Pictures are not part of the copy; reproduce the remaining data exactly.

-------

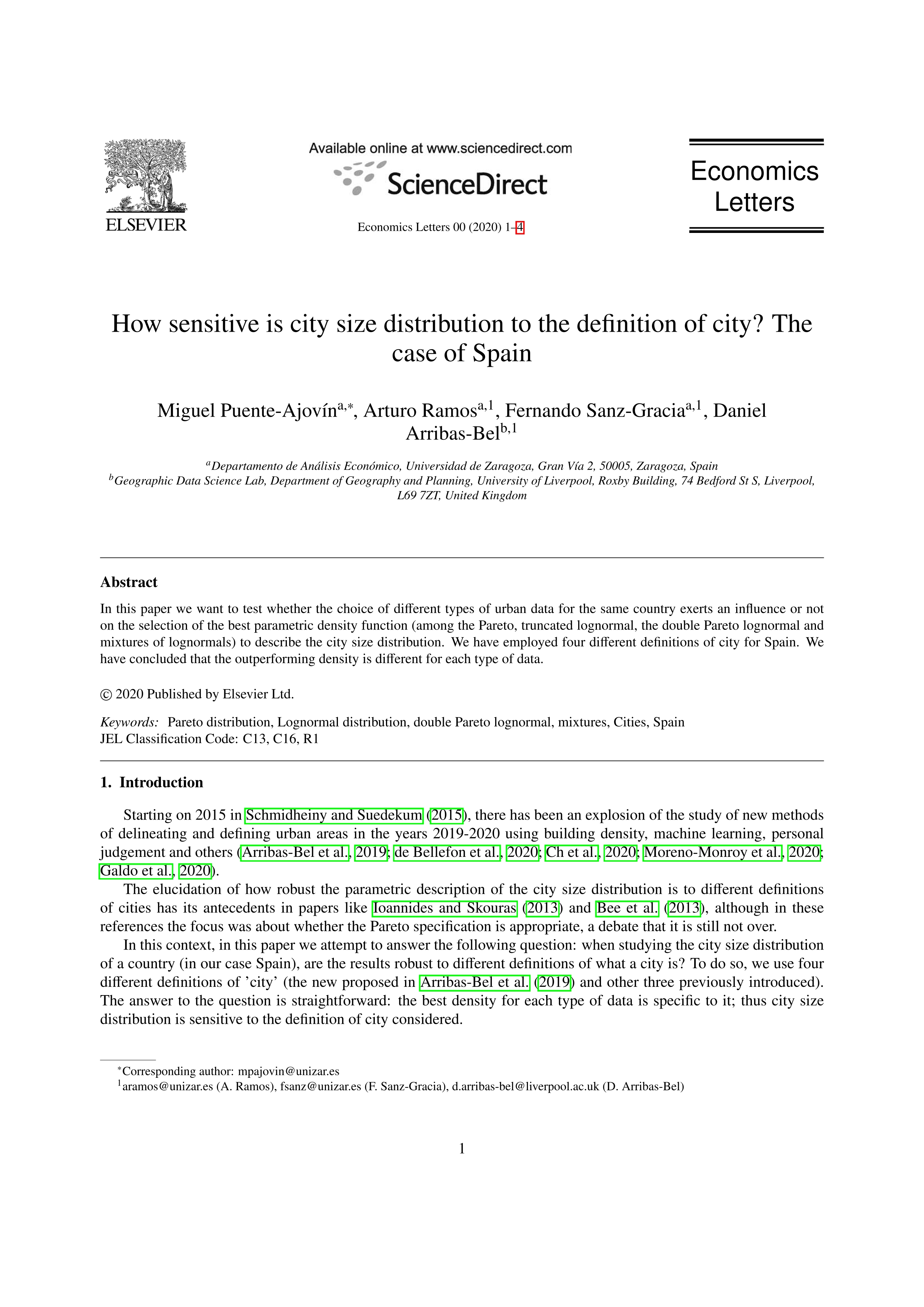 How sensitive is city size distribution to the definition of city? The case of Spain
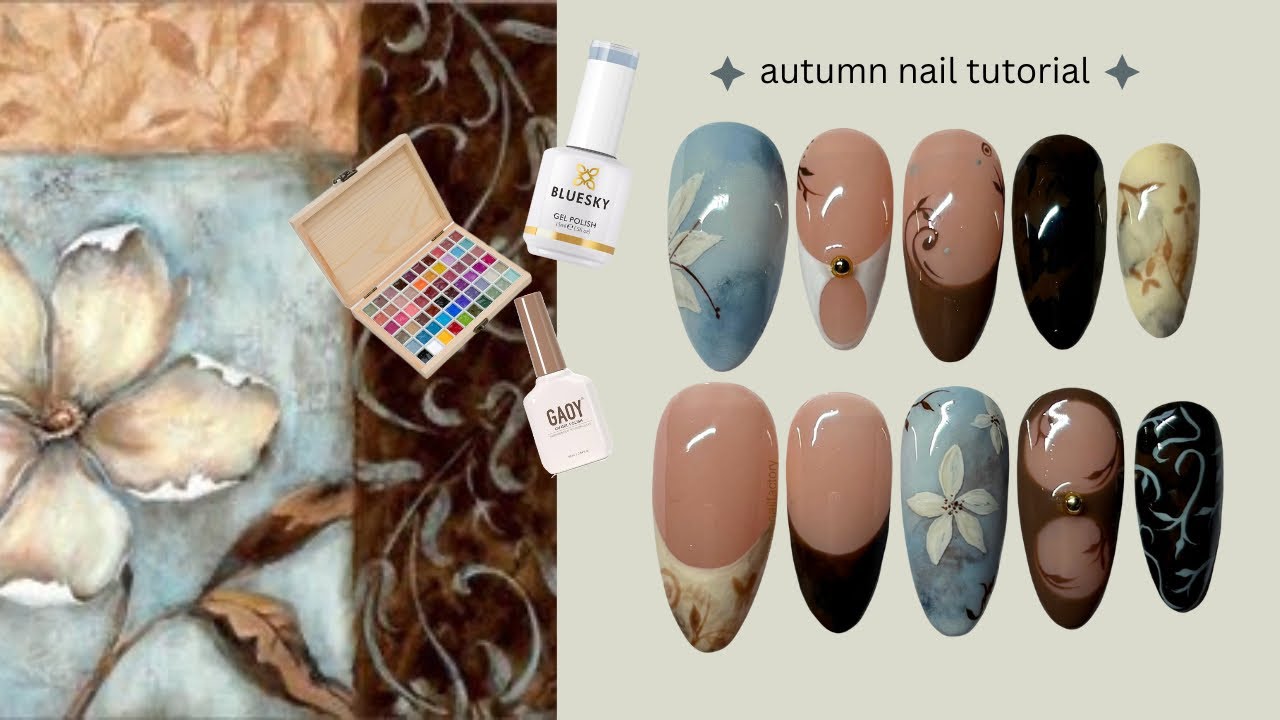 autumnal nail art tutorial 🍂🩵 floral & watercolor nail inspo | theenailfactory press ons
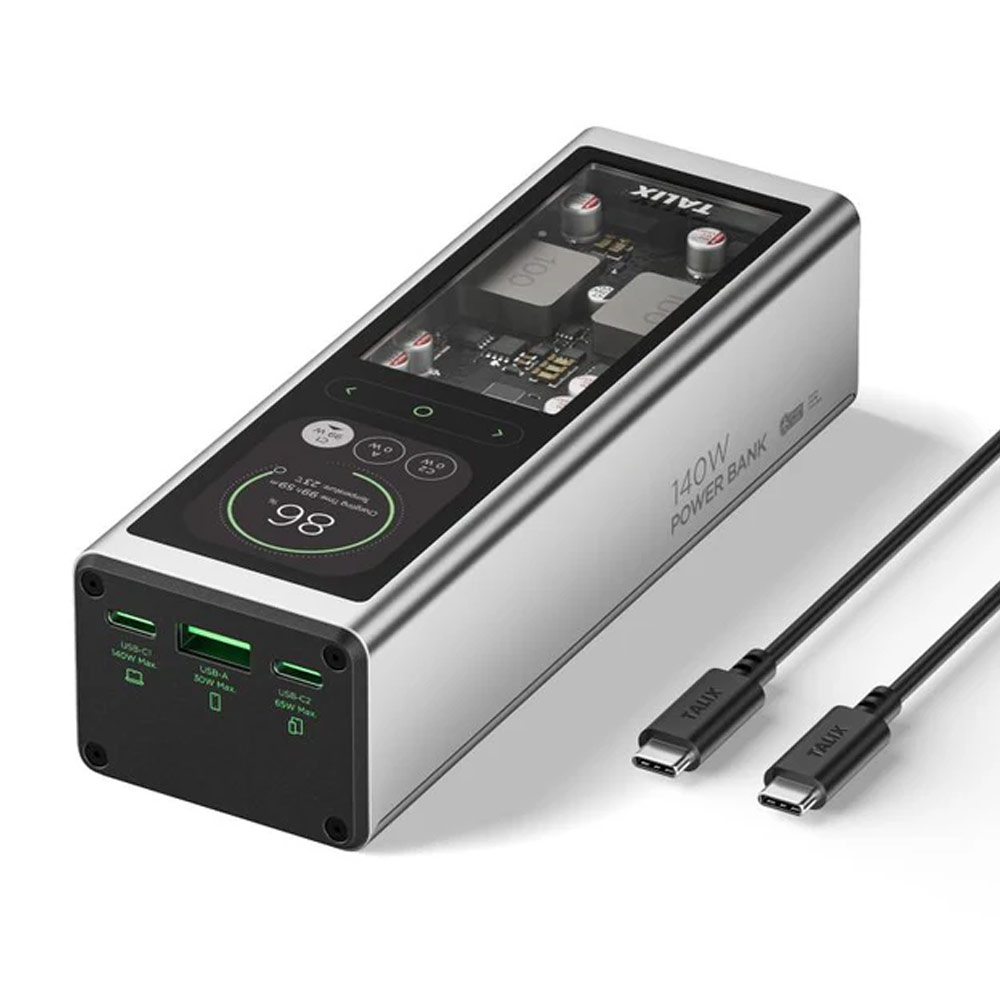 Picture of TALIX FLUXO 140W PD 3.1 CCC Power Bank 20000mAh | Laptop Fast Charging Power Bank | 3-Port USB-C Portable Charger Malaysia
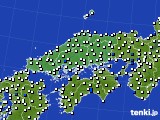 2015年11月03日の中国地方のアメダス(風向・風速)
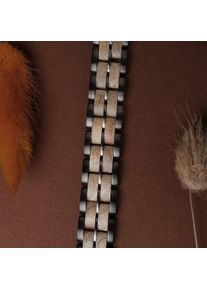 Holzkern bracelet for men and women Kanon (Grey Maple/Black) made of natural wood, size adjustable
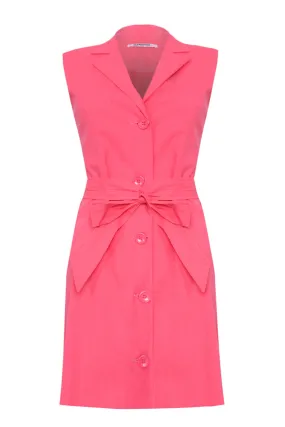 Glamorous Candy Pink Button Front Sleeveless Tie Waist Mini Dress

-------

#### [WORKED SOLUTION]
 How sensitive is city size distribution to the definition of city? The case of Spain
 autumnal nail art tutorial 🍂🩵 floral & watercolor nail inspo | theenailfactory press ons
 Picture of TALIX FLUXO 140W PD 3.1 CCC Power Bank 20000mAh | Laptop Fast Charging Power Bank | 3-Port USB-C Portable Charger Malaysia
 2015年11月03日の中国地方のアメダス(風向・風速)
 Holzkern bracelet for men and women Kanon (Grey Maple/Black) made of natural wood, size adjustable
 Glamorous Candy Pink Button Front Sleeveless Tie Waist Mini Dress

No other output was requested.